#### TASK:
Within the entries below, please return exactly the lines from the one with "Cerebral venous thrombosis" through the one with "顎の長さや形は、顔全体のバランスを大きく左右する重要な要素で", leaving out any pictures.
[RECORD EXCERPTS — start]
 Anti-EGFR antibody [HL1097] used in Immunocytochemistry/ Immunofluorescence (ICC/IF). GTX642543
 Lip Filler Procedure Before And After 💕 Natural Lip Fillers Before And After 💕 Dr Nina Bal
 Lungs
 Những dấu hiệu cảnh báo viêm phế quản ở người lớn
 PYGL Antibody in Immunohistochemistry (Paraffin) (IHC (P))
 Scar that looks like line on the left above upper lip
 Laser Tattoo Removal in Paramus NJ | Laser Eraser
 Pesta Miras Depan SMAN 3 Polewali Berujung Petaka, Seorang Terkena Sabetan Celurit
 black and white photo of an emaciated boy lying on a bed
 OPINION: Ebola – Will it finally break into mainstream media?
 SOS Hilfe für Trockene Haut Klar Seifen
[RECORD EXCERPTS — finish]
[RECORD EXCERPTS — start]
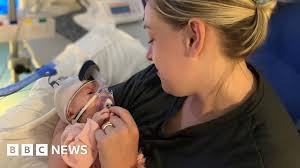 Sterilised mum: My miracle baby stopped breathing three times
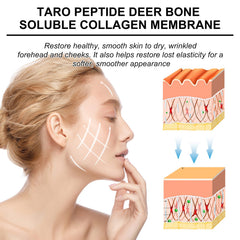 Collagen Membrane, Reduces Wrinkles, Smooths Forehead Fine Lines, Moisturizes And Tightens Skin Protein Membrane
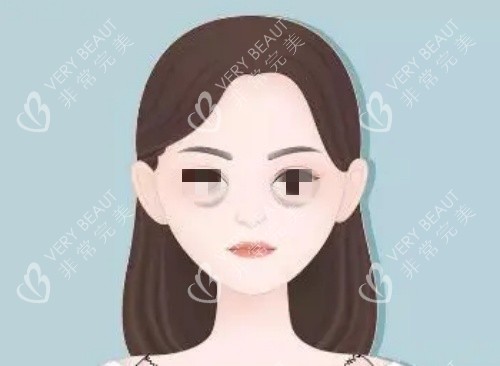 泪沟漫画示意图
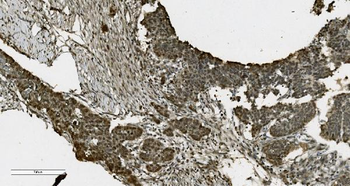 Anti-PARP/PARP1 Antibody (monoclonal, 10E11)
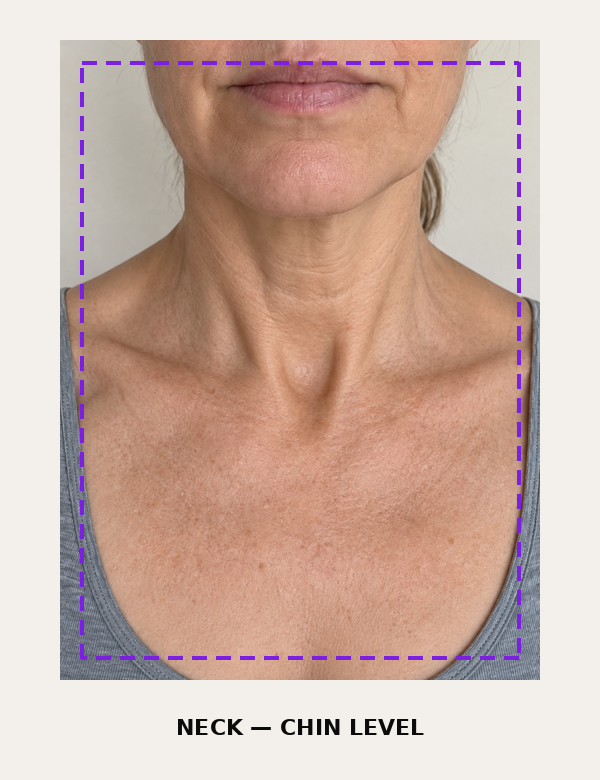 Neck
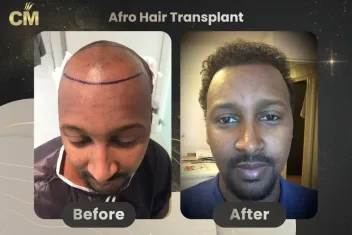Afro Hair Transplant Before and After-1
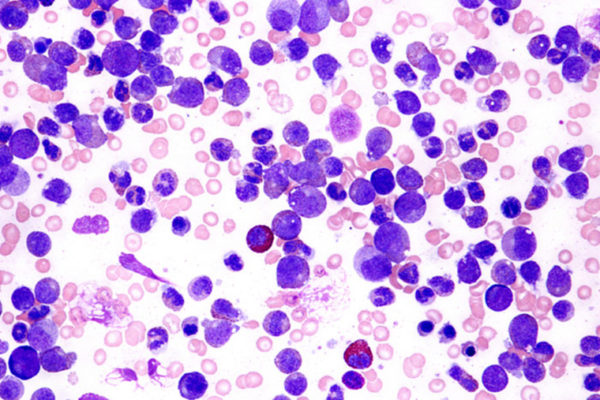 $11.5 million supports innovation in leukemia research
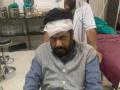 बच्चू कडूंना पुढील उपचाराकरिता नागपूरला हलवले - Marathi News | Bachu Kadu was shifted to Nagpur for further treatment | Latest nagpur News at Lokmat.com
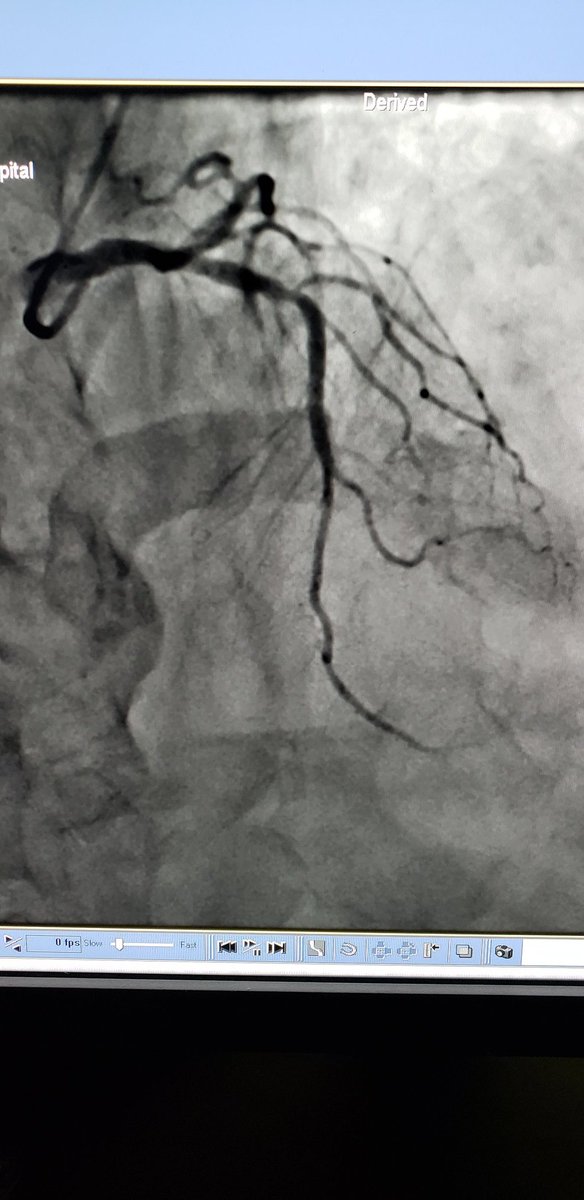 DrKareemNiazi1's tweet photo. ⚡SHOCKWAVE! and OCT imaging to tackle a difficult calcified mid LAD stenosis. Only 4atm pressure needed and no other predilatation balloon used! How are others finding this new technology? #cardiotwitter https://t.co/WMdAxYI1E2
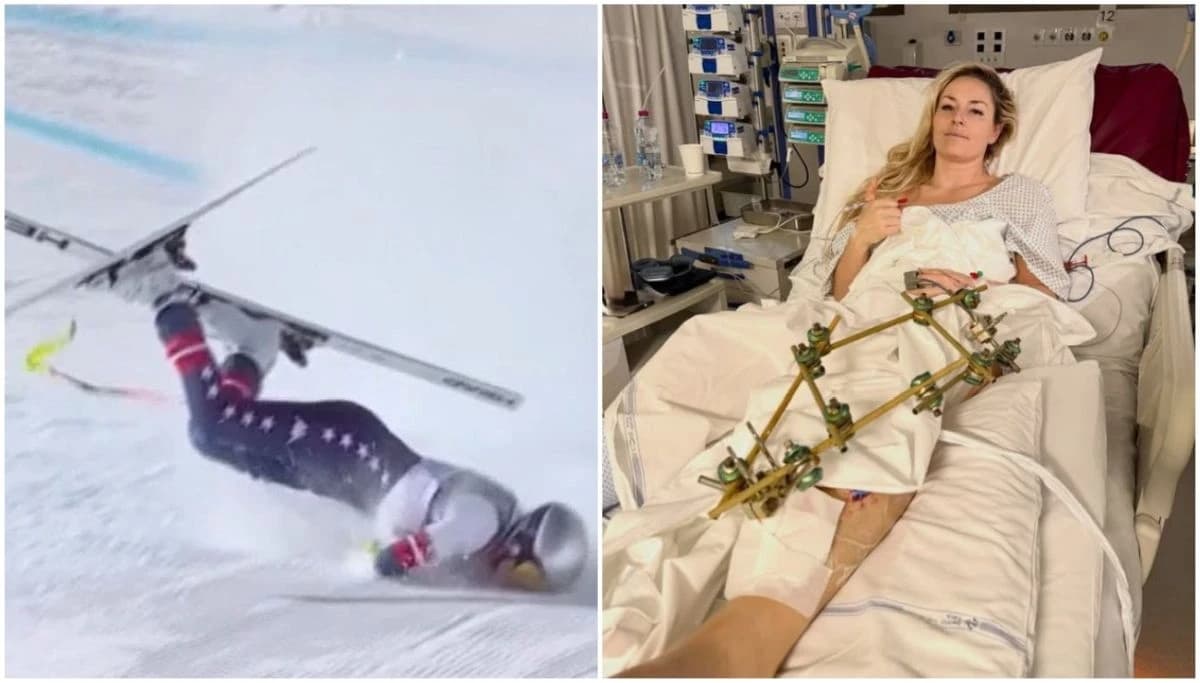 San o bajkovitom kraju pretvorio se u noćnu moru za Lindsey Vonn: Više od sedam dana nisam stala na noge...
[RECORD EXCERPTS — finish]
[RECORD EXCERPTS — start]
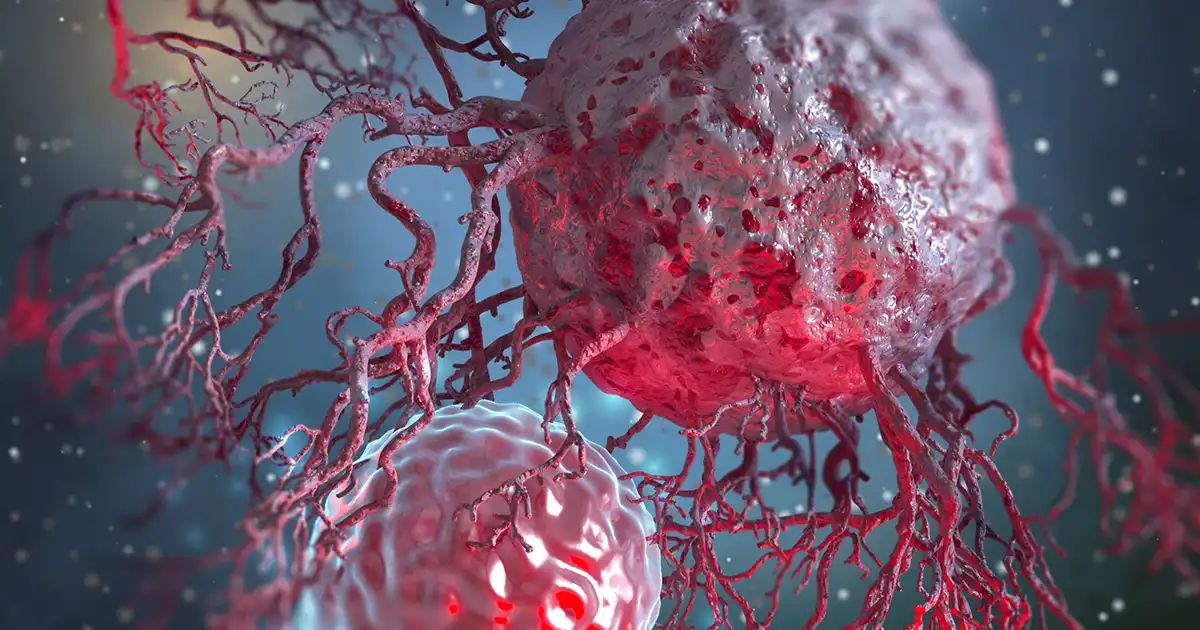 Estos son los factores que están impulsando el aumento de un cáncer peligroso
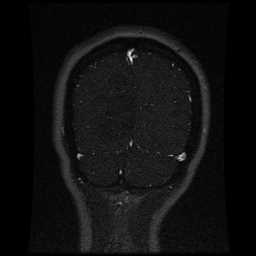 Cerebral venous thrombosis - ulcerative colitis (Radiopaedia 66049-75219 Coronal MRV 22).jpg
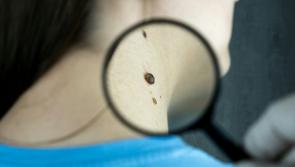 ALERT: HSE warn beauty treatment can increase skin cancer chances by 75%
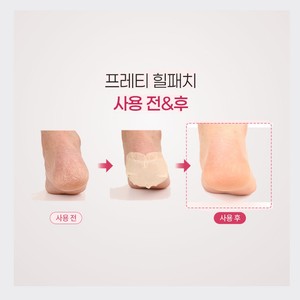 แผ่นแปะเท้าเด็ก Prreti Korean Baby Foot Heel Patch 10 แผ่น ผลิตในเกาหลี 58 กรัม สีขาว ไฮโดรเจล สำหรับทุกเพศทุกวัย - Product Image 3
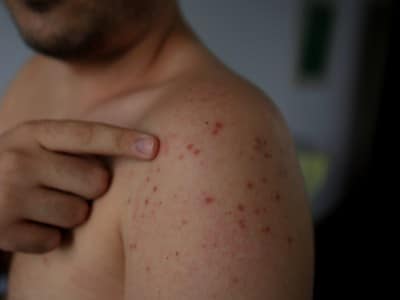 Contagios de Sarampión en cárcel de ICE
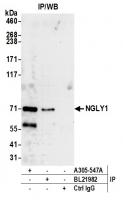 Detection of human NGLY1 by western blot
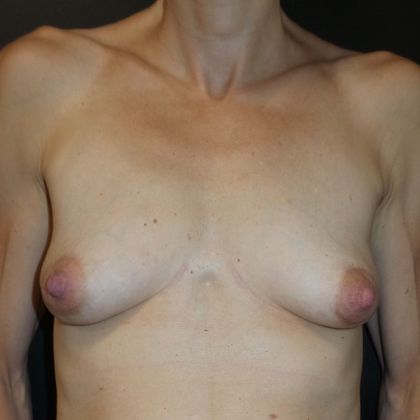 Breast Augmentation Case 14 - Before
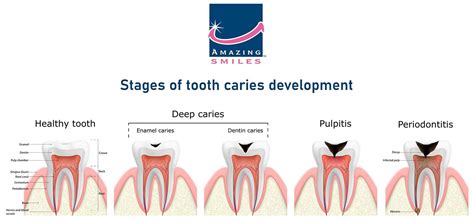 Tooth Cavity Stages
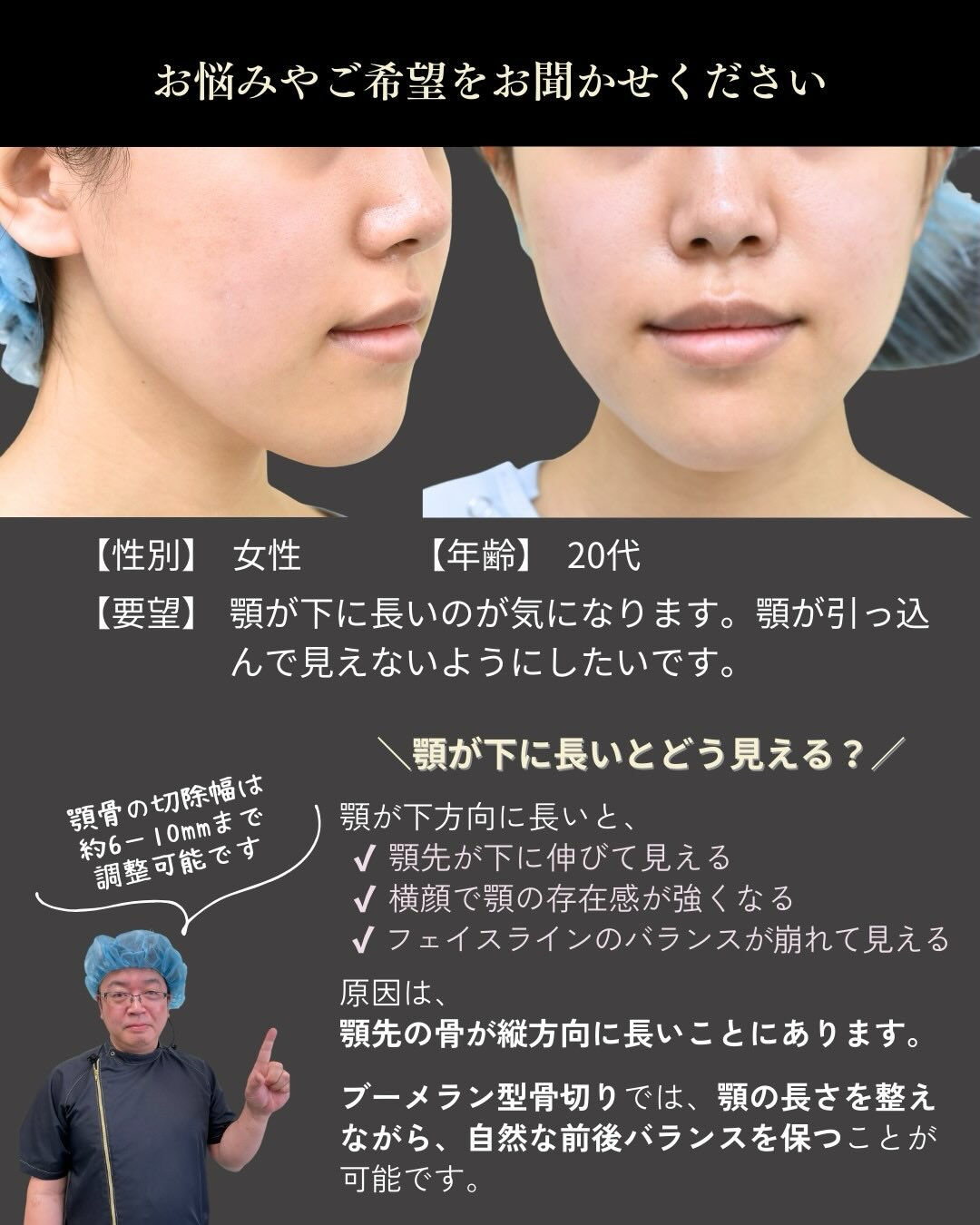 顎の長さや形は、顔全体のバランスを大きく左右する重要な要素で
[RECORD EXCERPTS — finish]
#### ANSWER TO THIS TASK:
 Cerebral venous thrombosis - ulcerative colitis (Radiopaedia 66049-75219 Coronal MRV 22).jpg
 ALERT: HSE warn beauty treatment can increase skin cancer chances by 75%
 แผ่นแปะเท้าเด็ก Prreti Korean Baby Foot Heel Patch 10 แผ่น ผลิตในเกาหลี 58 กรัม สีขาว ไฮโดรเจล สำหรับทุกเพศทุกวัย - Product Image 3
 Contagios de Sarampión en cárcel de ICE
 Detection of human NGLY1 by western blot
 Breast Augmentation Case 14 - Before
 Tooth Cavity Stages
 顎の長さや形は、顔全体のバランスを大きく左右する重要な要素で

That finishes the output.